Es gibt andere Musiker, die Ärger bekommen haben wegen solcher Äußerungen. Der Mannheimer Rapper Xavier Naidoo zum Beispiel wurde Anfang des Jahres von einem Gericht zu einer Serie von Benefiz-Konzerten unter dem Motto „Keine Macht den Drogen“ verurteilt, nachdem er in einem Interview zugegeben hatte, gelegentlich einen Joint zu rauchen. Solche Sanktionen fürchten die Spezializtz nicht. „Ich würde auch bekifft zum Steuerberater gehen“, sagt Oliver. Überhaupt rauchten er und seine Kumpels jeden Tag Unmengen von Gras weg. Egal ob man nun im ICE sitze oder in irgendeinem Backstage-Raum. „Wir haben eine lebenslange Baugenehmigung“, meint er. Die Plattenfirma habe sich bisher jedenfalls noch nicht beschwert.

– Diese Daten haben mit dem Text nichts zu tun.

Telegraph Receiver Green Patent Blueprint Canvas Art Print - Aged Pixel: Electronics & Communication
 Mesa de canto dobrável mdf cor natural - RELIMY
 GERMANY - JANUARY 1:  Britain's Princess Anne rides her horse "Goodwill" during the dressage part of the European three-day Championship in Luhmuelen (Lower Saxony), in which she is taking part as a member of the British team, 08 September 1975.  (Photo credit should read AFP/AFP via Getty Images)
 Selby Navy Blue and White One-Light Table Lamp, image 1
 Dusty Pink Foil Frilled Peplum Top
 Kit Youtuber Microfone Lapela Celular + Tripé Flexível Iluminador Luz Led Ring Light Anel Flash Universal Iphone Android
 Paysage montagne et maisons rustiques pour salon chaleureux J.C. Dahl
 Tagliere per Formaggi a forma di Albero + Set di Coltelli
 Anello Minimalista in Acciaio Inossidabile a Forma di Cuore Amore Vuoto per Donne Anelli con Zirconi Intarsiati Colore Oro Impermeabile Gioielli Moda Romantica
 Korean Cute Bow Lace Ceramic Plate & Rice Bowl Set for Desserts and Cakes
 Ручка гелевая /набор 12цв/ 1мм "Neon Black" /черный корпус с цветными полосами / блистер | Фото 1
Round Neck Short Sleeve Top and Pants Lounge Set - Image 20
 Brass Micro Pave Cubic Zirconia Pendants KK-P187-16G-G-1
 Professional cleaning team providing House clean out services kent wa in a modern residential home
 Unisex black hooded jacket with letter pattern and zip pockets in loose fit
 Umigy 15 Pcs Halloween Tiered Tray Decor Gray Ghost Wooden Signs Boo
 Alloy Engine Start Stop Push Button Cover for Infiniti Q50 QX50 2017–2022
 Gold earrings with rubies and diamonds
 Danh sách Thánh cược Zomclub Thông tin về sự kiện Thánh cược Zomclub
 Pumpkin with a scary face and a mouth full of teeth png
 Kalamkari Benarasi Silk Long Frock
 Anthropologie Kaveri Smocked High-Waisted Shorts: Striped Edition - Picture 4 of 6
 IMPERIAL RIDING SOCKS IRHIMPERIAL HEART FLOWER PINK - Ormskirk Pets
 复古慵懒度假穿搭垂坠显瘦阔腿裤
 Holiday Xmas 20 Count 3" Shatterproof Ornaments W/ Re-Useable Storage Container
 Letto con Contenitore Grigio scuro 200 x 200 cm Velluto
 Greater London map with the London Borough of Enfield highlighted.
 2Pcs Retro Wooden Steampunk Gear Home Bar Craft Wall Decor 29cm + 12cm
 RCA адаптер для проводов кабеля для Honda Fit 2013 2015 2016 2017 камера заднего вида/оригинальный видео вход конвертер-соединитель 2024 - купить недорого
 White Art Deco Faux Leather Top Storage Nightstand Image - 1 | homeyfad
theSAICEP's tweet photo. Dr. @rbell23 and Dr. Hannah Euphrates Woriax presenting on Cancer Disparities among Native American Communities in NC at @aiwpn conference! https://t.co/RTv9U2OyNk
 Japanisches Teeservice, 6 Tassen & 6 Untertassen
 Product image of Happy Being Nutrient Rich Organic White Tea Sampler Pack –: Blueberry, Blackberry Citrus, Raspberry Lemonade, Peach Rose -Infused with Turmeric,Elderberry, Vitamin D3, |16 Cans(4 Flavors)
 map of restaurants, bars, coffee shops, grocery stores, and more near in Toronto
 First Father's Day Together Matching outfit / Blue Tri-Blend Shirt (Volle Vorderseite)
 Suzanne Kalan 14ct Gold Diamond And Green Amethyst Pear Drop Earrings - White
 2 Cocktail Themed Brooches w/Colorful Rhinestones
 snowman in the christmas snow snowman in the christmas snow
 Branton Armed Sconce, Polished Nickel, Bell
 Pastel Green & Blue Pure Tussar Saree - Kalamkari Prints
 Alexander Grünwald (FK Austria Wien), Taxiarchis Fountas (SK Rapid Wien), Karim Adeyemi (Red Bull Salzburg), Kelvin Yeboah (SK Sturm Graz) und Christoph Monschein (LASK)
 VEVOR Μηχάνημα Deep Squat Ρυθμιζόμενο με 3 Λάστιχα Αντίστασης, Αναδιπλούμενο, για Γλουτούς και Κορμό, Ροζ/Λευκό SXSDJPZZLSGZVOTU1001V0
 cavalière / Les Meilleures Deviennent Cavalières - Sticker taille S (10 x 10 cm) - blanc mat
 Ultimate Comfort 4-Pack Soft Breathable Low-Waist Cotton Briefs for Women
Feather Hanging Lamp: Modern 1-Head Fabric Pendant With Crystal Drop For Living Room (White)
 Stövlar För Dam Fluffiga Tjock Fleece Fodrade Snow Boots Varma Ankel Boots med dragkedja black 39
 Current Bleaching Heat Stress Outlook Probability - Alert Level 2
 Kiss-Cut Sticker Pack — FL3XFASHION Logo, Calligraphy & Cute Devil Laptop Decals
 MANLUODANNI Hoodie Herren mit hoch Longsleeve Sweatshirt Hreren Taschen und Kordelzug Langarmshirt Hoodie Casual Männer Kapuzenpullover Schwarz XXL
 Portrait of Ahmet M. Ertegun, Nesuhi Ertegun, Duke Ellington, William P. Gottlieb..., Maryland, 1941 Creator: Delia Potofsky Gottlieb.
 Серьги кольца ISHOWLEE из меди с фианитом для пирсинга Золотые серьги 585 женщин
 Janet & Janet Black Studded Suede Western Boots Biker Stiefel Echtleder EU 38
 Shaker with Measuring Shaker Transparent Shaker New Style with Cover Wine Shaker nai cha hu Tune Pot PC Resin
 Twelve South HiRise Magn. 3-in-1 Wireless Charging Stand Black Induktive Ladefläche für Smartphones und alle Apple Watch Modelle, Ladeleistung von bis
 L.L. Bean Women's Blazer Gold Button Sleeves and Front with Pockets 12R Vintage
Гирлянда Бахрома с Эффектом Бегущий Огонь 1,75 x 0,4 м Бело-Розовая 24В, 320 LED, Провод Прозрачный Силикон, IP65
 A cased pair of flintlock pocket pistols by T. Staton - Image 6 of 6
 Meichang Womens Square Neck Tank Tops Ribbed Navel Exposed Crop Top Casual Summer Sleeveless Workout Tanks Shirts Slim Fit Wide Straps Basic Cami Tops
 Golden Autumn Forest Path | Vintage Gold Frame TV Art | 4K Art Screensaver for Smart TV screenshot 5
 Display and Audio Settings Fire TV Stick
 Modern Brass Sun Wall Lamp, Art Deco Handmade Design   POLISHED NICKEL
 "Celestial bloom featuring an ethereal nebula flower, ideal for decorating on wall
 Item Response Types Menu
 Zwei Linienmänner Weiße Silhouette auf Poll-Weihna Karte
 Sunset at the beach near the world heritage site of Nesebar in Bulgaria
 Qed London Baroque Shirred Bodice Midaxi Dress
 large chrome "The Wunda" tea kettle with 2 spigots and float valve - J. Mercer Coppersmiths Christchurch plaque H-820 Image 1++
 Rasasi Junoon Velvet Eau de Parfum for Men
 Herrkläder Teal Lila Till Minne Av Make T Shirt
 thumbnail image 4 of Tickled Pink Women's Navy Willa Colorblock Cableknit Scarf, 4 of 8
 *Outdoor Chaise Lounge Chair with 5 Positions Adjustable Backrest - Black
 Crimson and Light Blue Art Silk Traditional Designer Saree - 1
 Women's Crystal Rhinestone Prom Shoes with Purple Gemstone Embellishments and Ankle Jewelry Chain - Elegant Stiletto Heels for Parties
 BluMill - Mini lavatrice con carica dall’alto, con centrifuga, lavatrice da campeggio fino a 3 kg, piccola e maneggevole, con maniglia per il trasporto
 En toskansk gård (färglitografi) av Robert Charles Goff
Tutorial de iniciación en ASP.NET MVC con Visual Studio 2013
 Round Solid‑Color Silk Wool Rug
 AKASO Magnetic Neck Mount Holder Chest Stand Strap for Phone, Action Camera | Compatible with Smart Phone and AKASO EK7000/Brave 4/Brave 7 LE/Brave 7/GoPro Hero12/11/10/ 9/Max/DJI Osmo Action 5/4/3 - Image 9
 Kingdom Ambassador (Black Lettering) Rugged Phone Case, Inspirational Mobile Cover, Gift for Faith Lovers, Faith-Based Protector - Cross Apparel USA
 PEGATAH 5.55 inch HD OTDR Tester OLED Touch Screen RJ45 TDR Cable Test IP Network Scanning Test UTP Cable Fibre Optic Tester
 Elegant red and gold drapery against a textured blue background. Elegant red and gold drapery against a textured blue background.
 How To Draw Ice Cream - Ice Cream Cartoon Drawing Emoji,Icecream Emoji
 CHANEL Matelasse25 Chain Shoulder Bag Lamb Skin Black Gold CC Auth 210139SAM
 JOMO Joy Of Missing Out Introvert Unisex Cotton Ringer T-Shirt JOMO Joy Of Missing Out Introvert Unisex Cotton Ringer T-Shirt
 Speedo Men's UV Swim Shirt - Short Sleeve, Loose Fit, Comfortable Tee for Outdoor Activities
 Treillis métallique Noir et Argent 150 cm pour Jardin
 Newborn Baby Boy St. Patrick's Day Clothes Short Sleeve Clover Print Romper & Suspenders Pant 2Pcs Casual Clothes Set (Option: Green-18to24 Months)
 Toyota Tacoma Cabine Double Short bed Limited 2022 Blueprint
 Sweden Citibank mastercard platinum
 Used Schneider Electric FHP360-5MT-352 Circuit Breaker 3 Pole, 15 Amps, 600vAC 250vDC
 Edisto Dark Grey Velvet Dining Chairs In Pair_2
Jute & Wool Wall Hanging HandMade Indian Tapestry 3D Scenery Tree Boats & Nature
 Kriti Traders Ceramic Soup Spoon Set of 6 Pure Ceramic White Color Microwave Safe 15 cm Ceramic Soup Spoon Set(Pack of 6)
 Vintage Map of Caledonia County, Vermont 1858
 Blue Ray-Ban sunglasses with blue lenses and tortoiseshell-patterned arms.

Das geht auch darum gut, weil das Kiffen zum Image passt. Ein bisschen subersiv, ein bisschen dreckig – bei HipHop, wie ihn die Spezializtz betreiben, stehen leichte Gesetzesübertretungen synonym für das Leben auf Großstadtstraßen. Oliver kann auf der Bühne vom Aufwachsen in „H-Town“ berichten, der Kindheit in den Kreuzberger Wohnblocks am Halleschen Tor. Die Joints liefern den schönen Rausch zum authentischen Ghetto-Gefühl. Und es ist als harmloses Lob gemeint, nicht als Warnung, wenn Journalisten nach einem Spezializtz-Konzert schreiben: „Die Infiltration mit „G.B.Z.“ beginnt, der HipHop-Sprengsatz inmitten der Bundeshauptstadt ist gelegt, die Sicherheitssysteme kapitulieren bei so viel Dopeness.“

Man wird also nicht den Untergang des Abendlandes erleben, wenn am Samstagabend um 22.20 Uhr die Spezializtz bei der Hanfparade auf die Hauptbühne vor dem Roten Rathaus steigen. Vielmehr zwei junge Männer, die etwas prollig und machohaft ihre Jugendkultur vorführen. Viele Tüten werden sie rauchen, selbstverliebt, aber auf ihre eigene Art sympathisch wirken. So funktioniert HipHop. Nicht zuletzt bietet die Hanfparade damit auch einen gelungenen Abschluss für den Sommer, der ja im Grunde nach ähnlichen Regeln abläuft.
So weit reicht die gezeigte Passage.